**Your goal:**
Transcribe the data that follows in full. Leave out the pictures.
(Collected material)
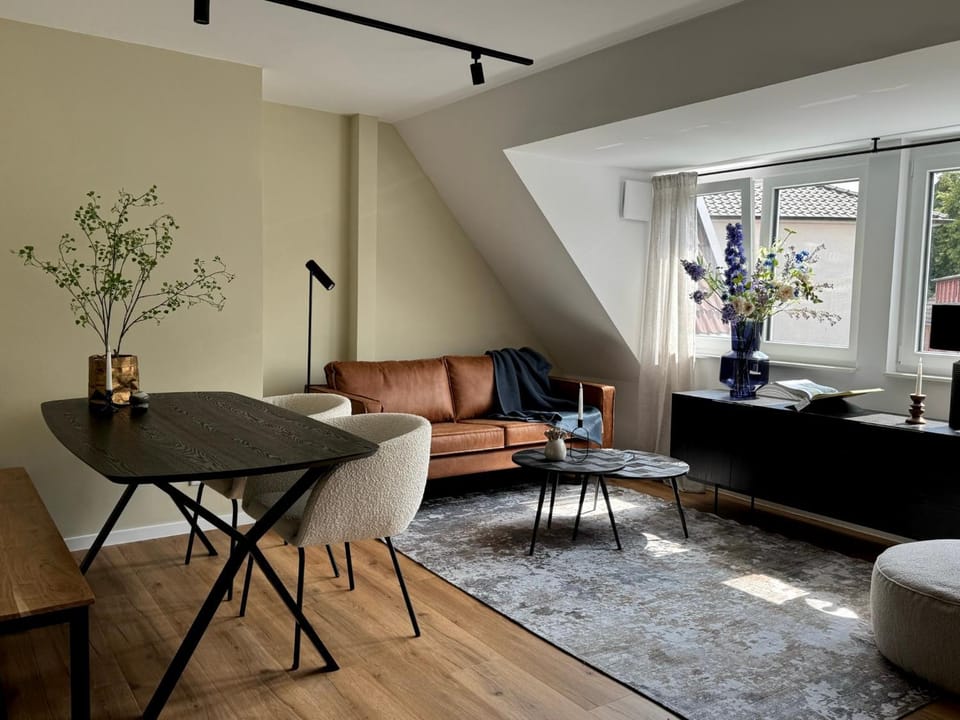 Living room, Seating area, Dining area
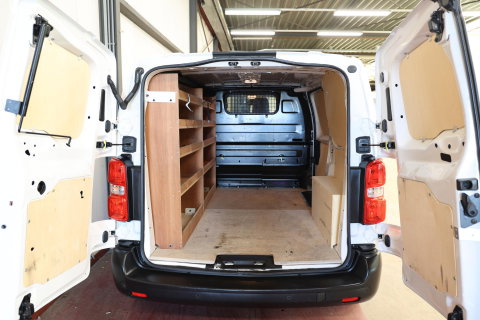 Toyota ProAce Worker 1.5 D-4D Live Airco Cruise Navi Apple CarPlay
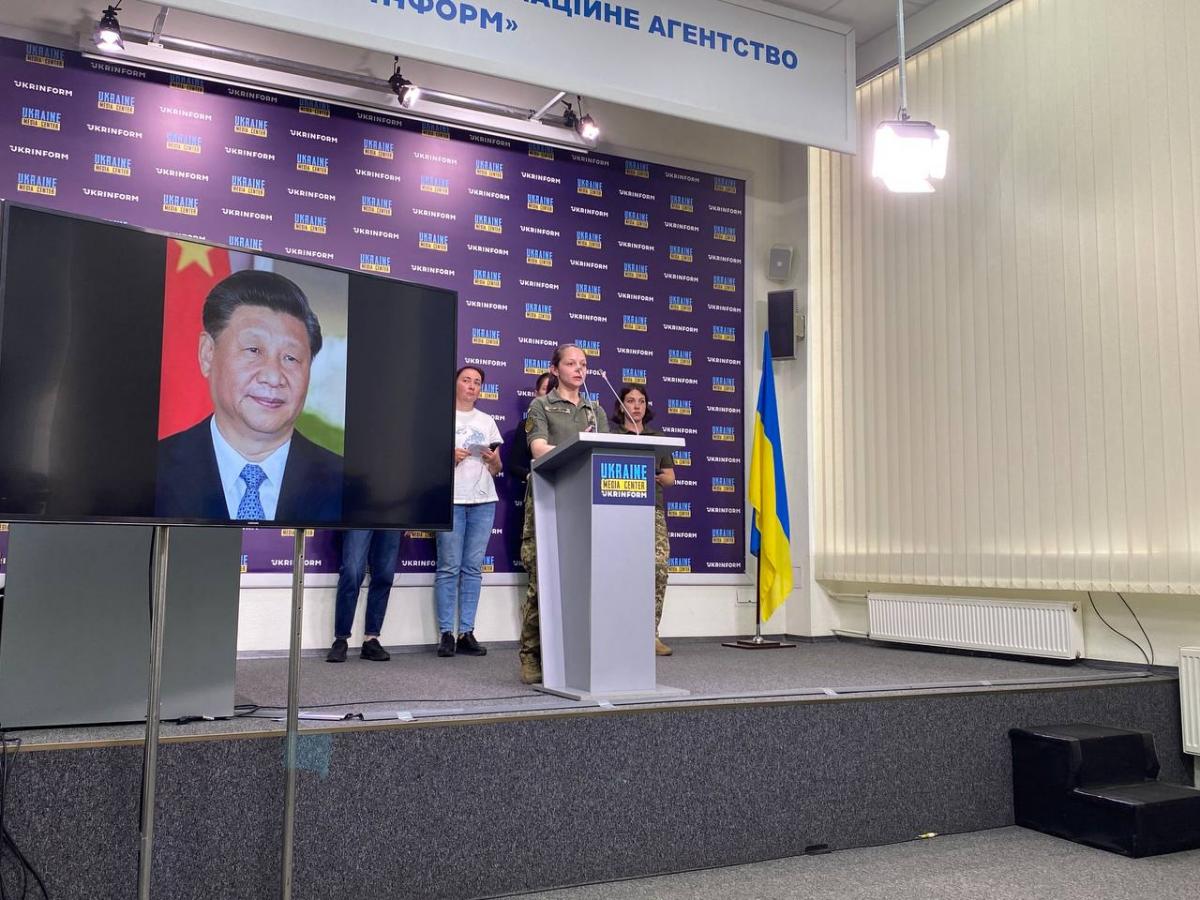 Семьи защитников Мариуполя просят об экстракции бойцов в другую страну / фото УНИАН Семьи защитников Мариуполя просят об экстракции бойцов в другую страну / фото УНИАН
(End Collected material)
**Result of this exercise:**
 Living room, Seating area, Dining area
 Toyota ProAce Worker 1.5 D-4D Live Airco Cruise Navi Apple CarPlay
 Семьи защитников Мариуполя просят об экстракции бойцов в другую страну / фото УНИАН Семьи защитников Мариуполя просят об экстракции бойцов в другую страну / фото УНИАН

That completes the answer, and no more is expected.